Christlikeness also involves conduct. I’m amazed at how Jesus moved through life with grace and with graciousness. I’ve read the story of His rejection in Nazareth many times, and I’ve been to where it happened—Mount Precipice in Nazareth, where the crowd sought to throw Him down a cliff. How did He escape? Luke 4:30 simply says, “Then passing through the midst of them, He went His way.”

We’re left to wonder how that happened! It seems Jesus conducted Himself with such deportment that the crowd parted like the Red Sea and He went His way. Can we have that level of poise in our conduct? Maybe not, but the Bible does tell us: “Beloved, I beg you as sojourners and pilgrims, abstain from fleshly lusts which war against the soul, having your conduct honorable among the Gentiles, that when they speak against you as evildoers, they may, by your good works which they observe, glorify God in the day of visitation” (1 Peter 2:11-12).

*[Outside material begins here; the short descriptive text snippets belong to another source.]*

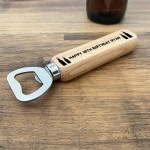 Novelty Birthday Gift For Men Birthday Wood Bottle Opener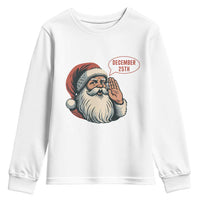 Funny Santa Christmas December 25 Youth Sweatshirt - Wonder Print Shop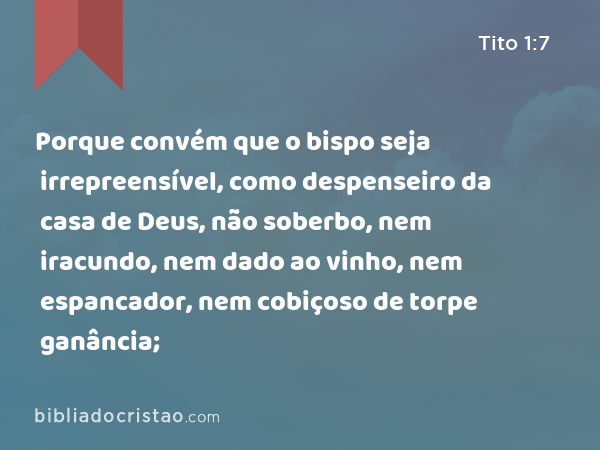 Porque convém que o bispo seja irrepreensível, como despenseiro da casa de Deus, não soberbo, nem iracundo, nem dado ao vinho, nem espancador, nem cobiçoso de torpe ganância; - Tito 1:7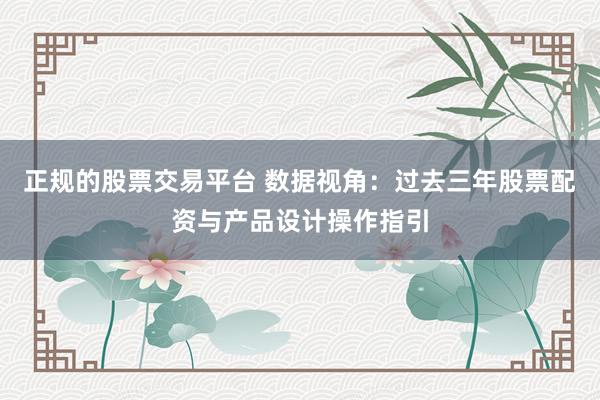 正规的股票交易平台 数据视角：过去三年股票配资与产品设计操作指引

Novelist Michael Phillips remembers the day he began praying a very personal prayer: “God, make me like Jesus.” That became a lifelong quest. He wrote, “I have been asking God to develop Christlikeness within me for thirty-five years. It is sometimes difficult to see much headway. But I continue to pray it ... It is a quiet prayer, a personal prayer, a humbling prayer, an invisible prayer.”

It’s a prayer God answers day by day as our conduct increasingly reminds people of Jesus and we rise above the mediocre expectations of the world.